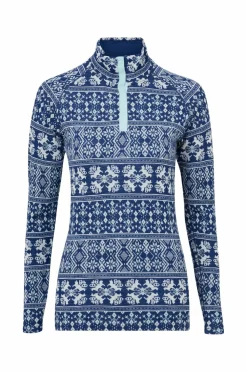 Bagheera Skiundertøj|Skiundertøj>Underställströja Merino Dalecarlian Top Polo W Navy/Turquoise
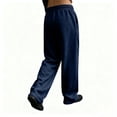 thumbnail image 7 of Havenx Sweatpants for Men Straight Wide Leg Drawstring Jogging Pants with Pockets Elastic Waist Open Bottom Sweatpant Gym Lounge Athletic Workout Fall Winter Pant,Navy S, 7 of 7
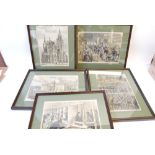 18 VARIOUS NINETEENTH CENTURY HANDCOLOURED ENGRAVINGS, MANCHESTER SOCIAL HISTORY AND ARCHITECTURE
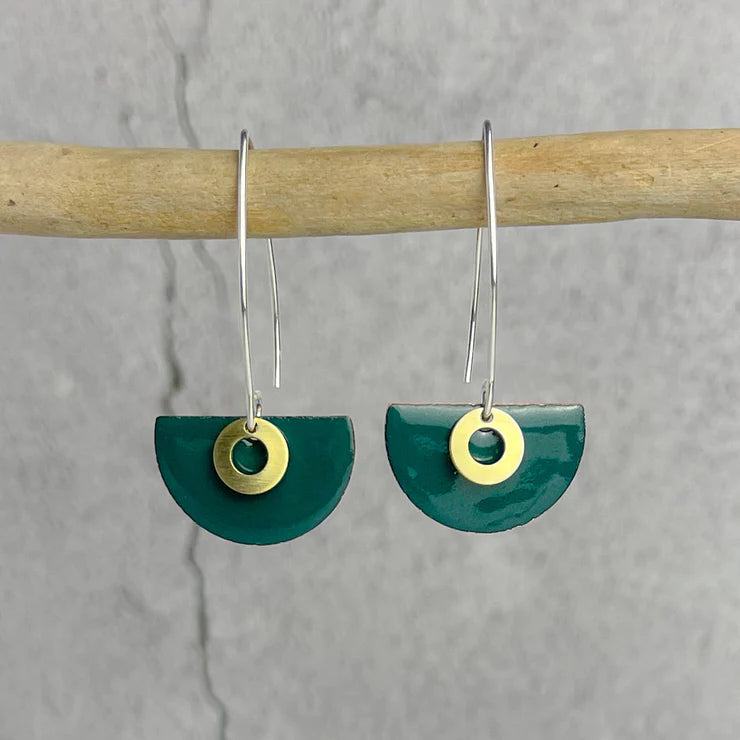 Jade Green Semi Circle Earrings - The Nancy Smillie Shop - Art, Jewellery & Designer Gifts Glasgow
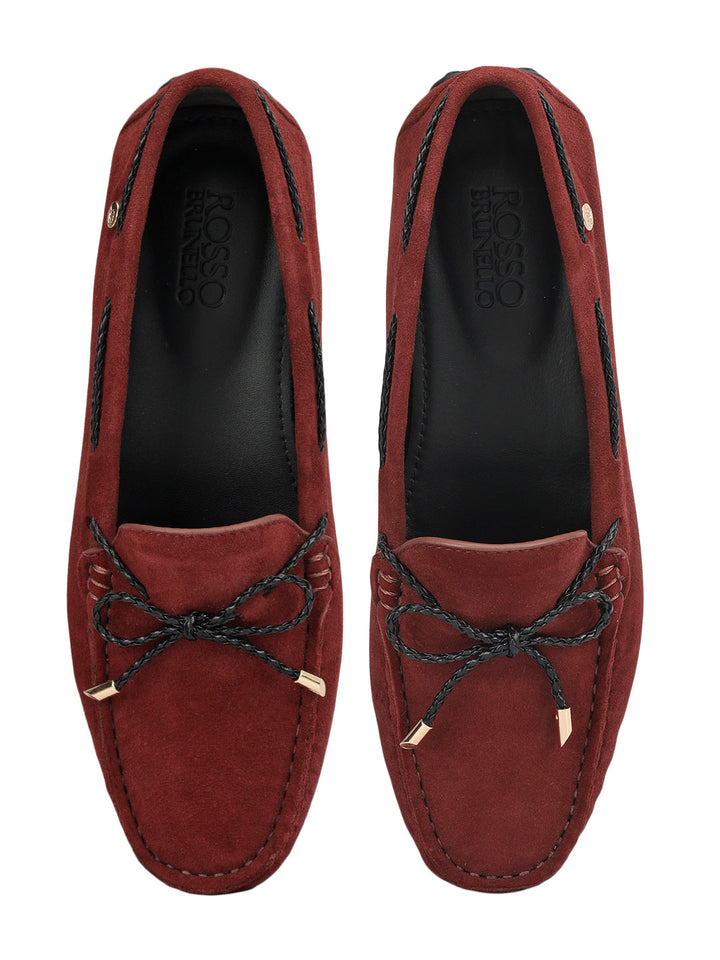 Burgundy Suede Leather Women Moccasins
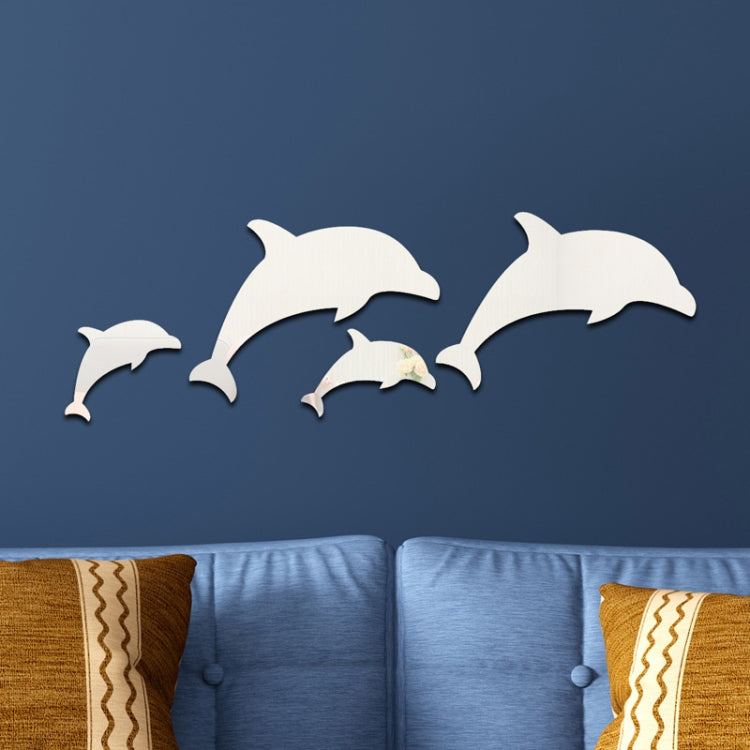 4pcs /Set Acrylic Dolphin Stereo Wall Stickers Home Wall Decoration(Black) by bashfashion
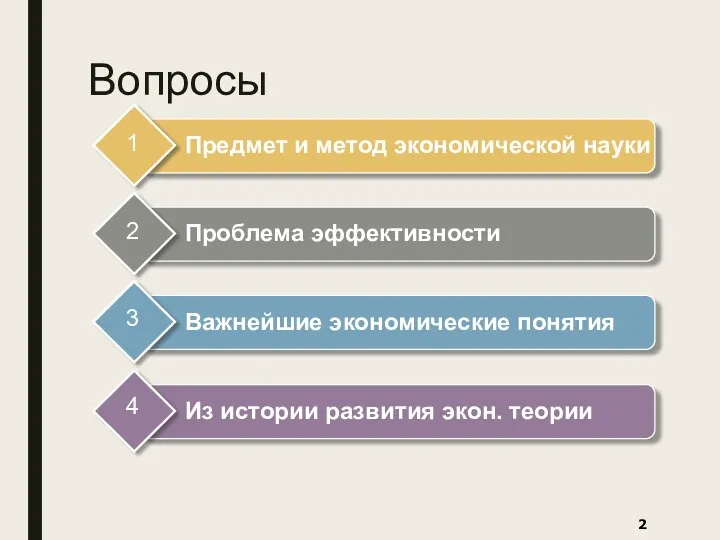 Вопросы Предмет и метод экономической науки 1 Проблема эффективности 2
++++++++++
- Try it:
Each line of the material goes into your copy unchanged, but no picture does.

- Problem solution:
 Bagheera Skiundertøj|Skiundertøj>Underställströja Merino Dalecarlian Top Polo W Navy/Turquoise
 thumbnail image 7 of Havenx Sweatpants for Men Straight Wide Leg Drawstring Jogging Pants with Pockets Elastic Waist Open Bottom Sweatpant Gym Lounge Athletic Workout Fall Winter Pant,Navy S, 7 of 7
 18 VARIOUS NINETEENTH CENTURY HANDCOLOURED ENGRAVINGS, MANCHESTER SOCIAL HISTORY AND ARCHITECTURE
 Jade Green Semi Circle Earrings - The Nancy Smillie Shop - Art, Jewellery & Designer Gifts Glasgow
 Burgundy Suede Leather Women Moccasins
 4pcs /Set Acrylic Dolphin Stereo Wall Stickers Home Wall Decoration(Black) by bashfashion
 Вопросы Предмет и метод экономической науки 1 Проблема эффективности 2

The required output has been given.